Edelweiss - Fotolia

HashiCorp Nomad 1.0 expands monitoring polish, autoscaling

HashiCorp Nomad has been used in production before its 1.0 release, but its rapid development this year makes it applicable to a wider variety of uses.

After five years of development that included a bevy of updates in 2020, HashiCorp Nomad reached 1.0 status this week.

HashiCorp Nomad is a resource scheduler that manages the deployment of applications on IT infrastructure. It's similar to container schedulers such as Kubernetes, but it can manage applications across a variety of compute types that also include virtual machines and bare-metal servers.

Production use of HashiCorp products is common before they reach version 1.0, as the company's philosophy on promoting products to 1.0 differs from most tech vendors. HashiCorp products typically don't reach that designation until the company anticipates no further breaking changes will be made to the code, and the process tends to take much longer.

Prior versions of Nomad, including the 0.11 and 0.12 releases from earlier this year, were already in production at scale in enterprises such as iJet, Trivago, Roblox, Cloudflare and Pandora, according to HashiCorp officials.

However, this year's updates, especially monitoring refinements and the broadened autoscaling support released with version 0.12 in June, addressed features that Nomad users had been awaiting.

"Service and cluster autoscaling ... and observability improvements ... will provide a lot more information about the services that are running on the cluster on Nomad, which is huge," said John Spencer, senior site reliability engineer at Bowery Farming, an indoor produce farming company in New York that has centralized automation for its facilities using Nomad and Consul service discovery.

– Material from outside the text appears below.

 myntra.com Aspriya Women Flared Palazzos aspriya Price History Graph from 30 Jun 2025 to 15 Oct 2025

Service and cluster autoscaling ... and observability improvements ... will provide a lot more information about the services that are running on the cluster on Nomad, which is huge.
John SpencerSenior SRE, Bowery Farming

"Nomad provided some monitoring information out of the box, but there were some pieces that were missing, like monitoring memory usage and when jobs are killed because of running out of memory," Spencer said. "We developed some [of our own] tooling, but I'm excited to have a native approach to that with Nomad 1.0."

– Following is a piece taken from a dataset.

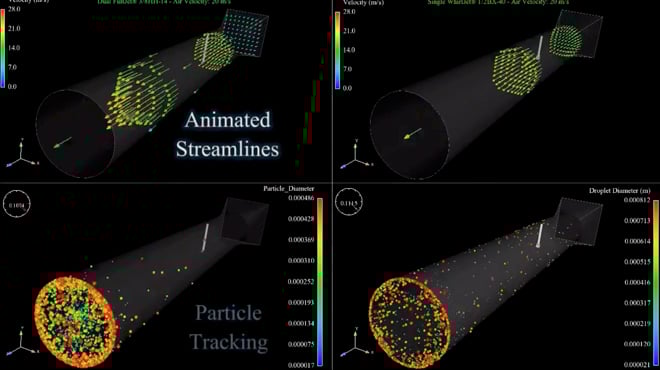 Configuración de lavado de agua CFD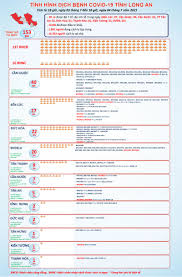 10 quốc gia có số ca tử vong lớn nhất trong ngày. Tinh Hinh Dá»‹ch Bá»‡nh Covid 19 Tá»‰nh Long An Ä'áº¿n 18 Giá» Ngay 4 7 Bao Long An Online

Hashicorp first added detailed monitoring insights and alerts to Nomad's remote execution UI in March with version 0.11. In June, version 0.12 expanded on this with debug and audit logs, the ability to search and stream logs through the UI, and in Nomad Enterprise, the ability to perform cross-namespace queries.

Nomad 1.0 also introduces support for event streaming and point-in-time topology visualizations of Nomad infrastructure, along with support for more granular monitoring alerts.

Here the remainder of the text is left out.